Elimiantion of Mother-to-child Transmission of HIV and Congenital Syphilis in the Americas. 2010 Situation Analysis
In the Americas, each year an estimated 5,000 (3,200–6,900) children become infected with HIV and between 164,000 and 344,000 are born with congenital syphilis (CS)—both highly preventable infections with serious health consequences if left untreated.

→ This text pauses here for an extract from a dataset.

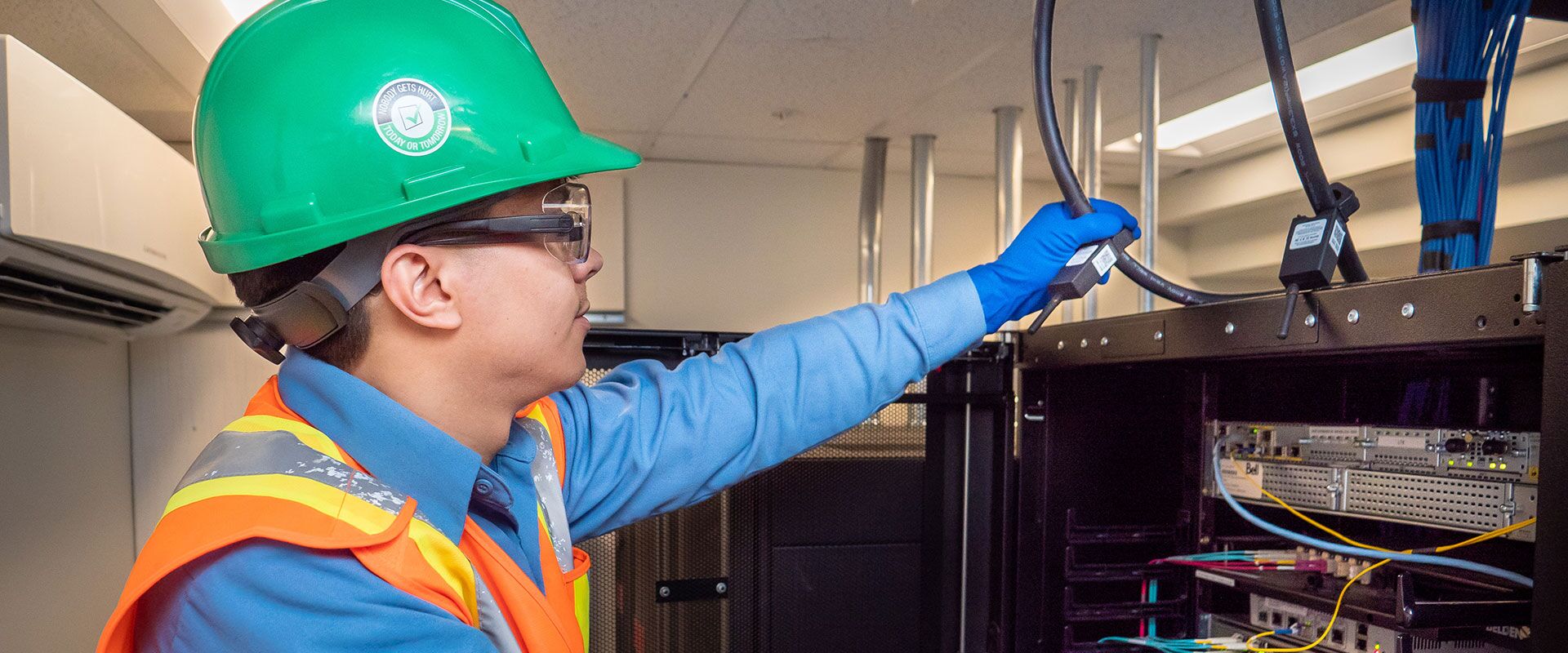 B&M's data and networking service technician doing quality check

Based on UNAIDS estimates in 2010, 5,000 children were infected with HIV in the Americas, the majority through mother-to-child transmission (MTCT); 4,700 (3,000–6,500) in Latin America and the Caribbean. In 2010 in the Americas, an estimated 58,000 (44,000–74,000) children under the age of 15 had HIV, of which 57,000 (43,000–72,000) were from Latin America and the Caribbean. In the same year, estimated numbers of deaths of children under the age of 15 in the Americas were 3,600 (2,100–5,100); 3,400 (1,900–4,800) in Latin America and the Caribbean.

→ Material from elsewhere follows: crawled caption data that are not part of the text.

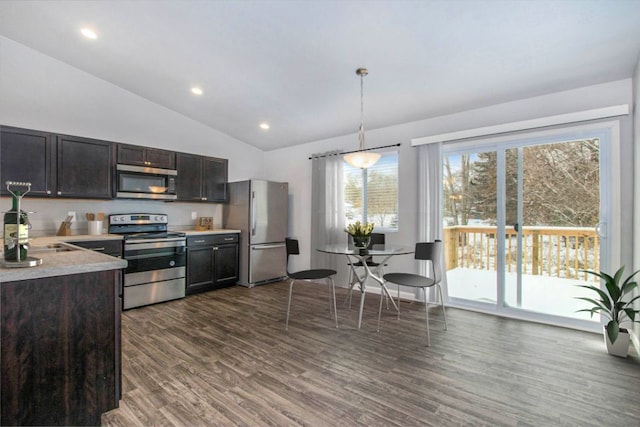 kitchen featuring dark brown cabinetry, stainless steel appliances, dark hardwood / wood-style floors, decorative light fixtures, and vaulted ceiling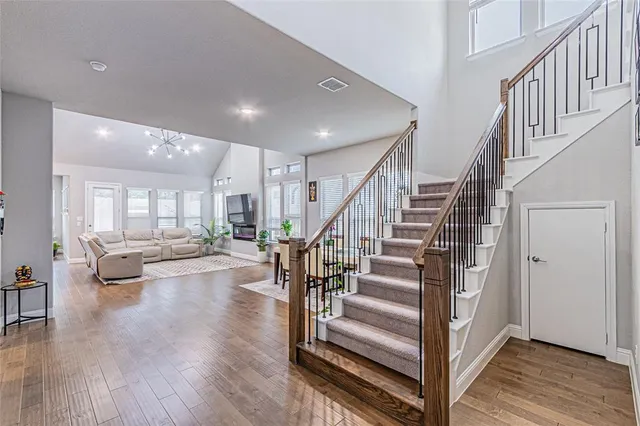 a view of entryway and hall with wooden floor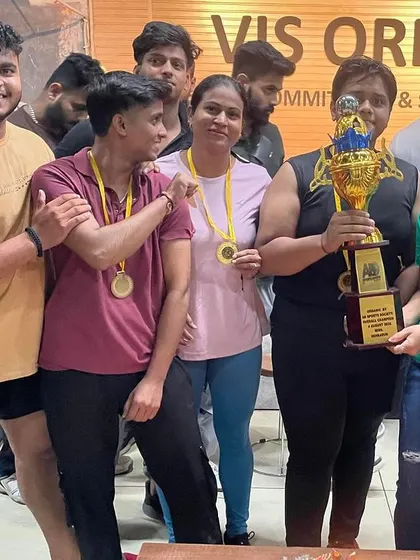 A close-up of our champions with the overall trophy. The joy and pride on their faces is what makes all the hard work worth it.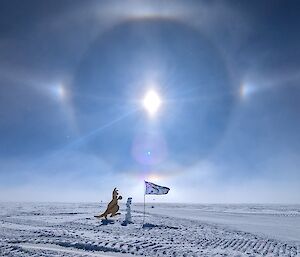 A kangaroo cutout and an Australian flag stand under the sun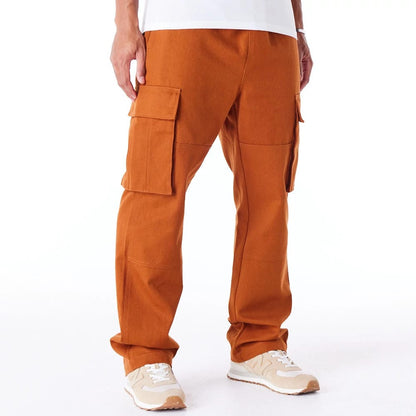 The Male model is wearing New Era Brown Cargo Trousers 10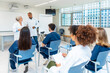 © unai - Medical team attending conference in hospital meeting room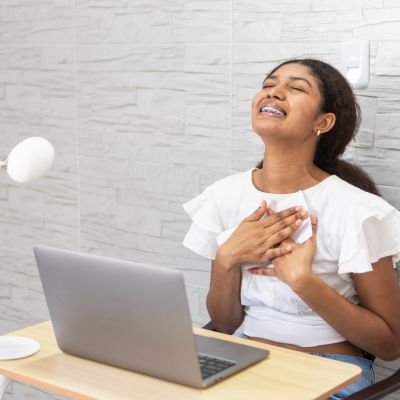 Student in front of a laptop looking like she just received distressing news.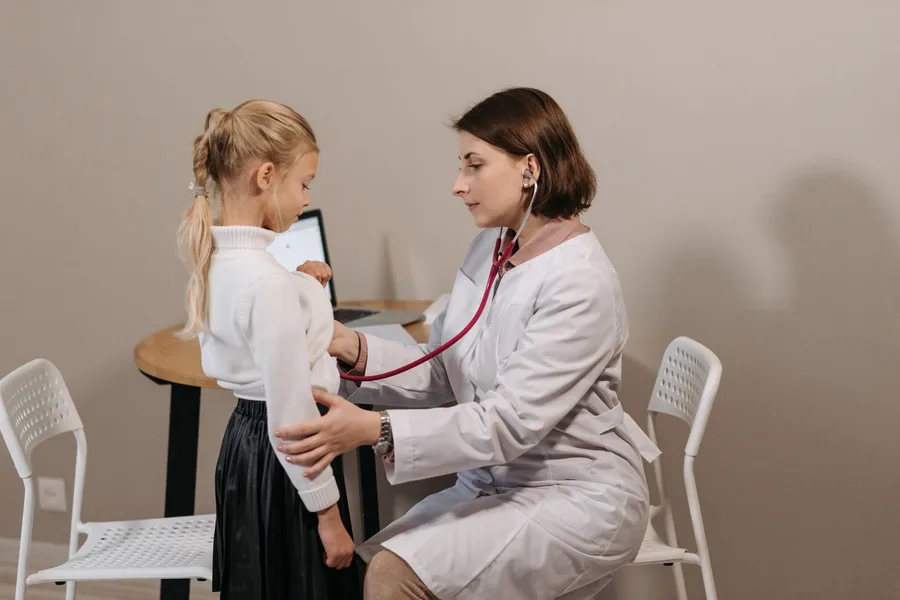 A pediatrician using a stethoscope to examine a young girl in a clinic office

Using data for the period 1997 to 2003, the World Health Organization estimated—that of the more than 2 million annual cases of gestational syphilis around the world, up to 25% occurred in Latin America and the Caribbean, where the prevalence of gestational syphilis was estimated at 3.9%—above the world average of 1.8%. This translated to an estimated 460,000 annual cases of gestational syphilis—of which it is unknown how many were diagnosed and treated—and between 164,000 and 344,000 annual cases of congenital syphilis. In addition, each year more than 100,000 pregnancies result in fetal death or spontaneous abortion due to gestational or maternal syphilis. Based on country reports in 2006, of the six Latin American and Caribbean (LAC) countries with available information on the prevalence of gestational syphilis, this prevalence varied from 0.08% in Chile to 5.19% in Paraguay. According to country data from the same year, the incidence of congenital syphilis varied from 0 cases per 1,000 live births in Cuba to 1.6 cases per 1,000 live births in Brazil.

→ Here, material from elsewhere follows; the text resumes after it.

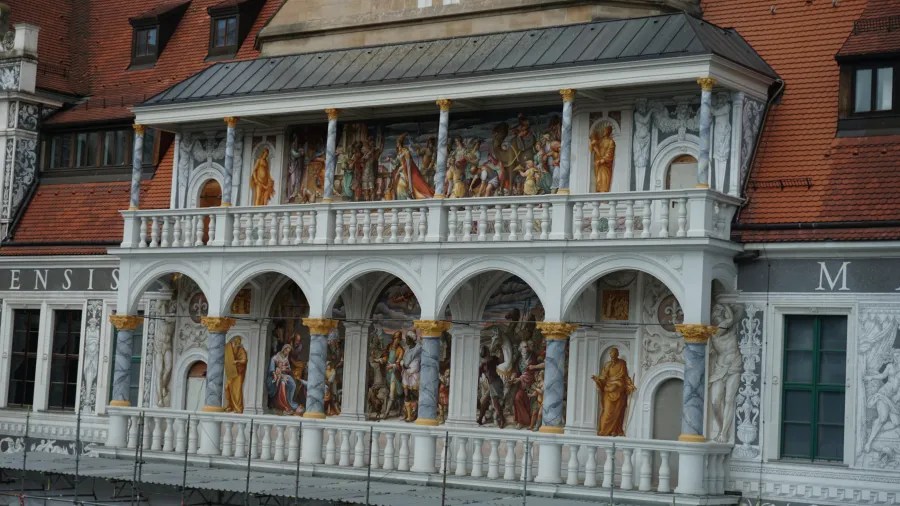 Fassade eines historischen Gebäudes mit bunten Wandmalereien und einem offenen Balkon mit kunstvollen Säulen.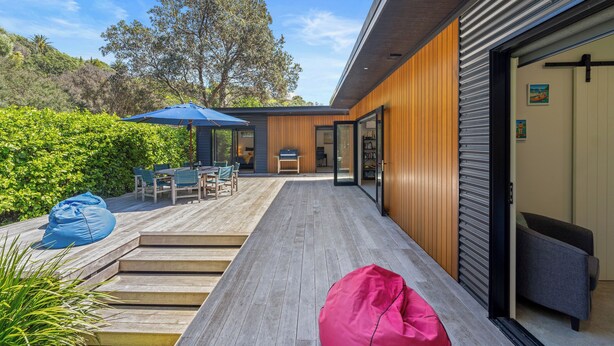A modern outdoor deck with wooden flooring, a dining area with chairs and a table, and a blue umbrella.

- Stepped-up efforts to overcome challenges in the delivery of prenatal and childbirth care and to eliminate geographic, social, economic and cultural barriers to early access to quality care.
- Strengthening of surveillance and information systems related to HIV and syphilis among women and babies to eliminate data gaps, noting that many countries and territories in the hemisphere have not reported on key indicators of progress toward elimination.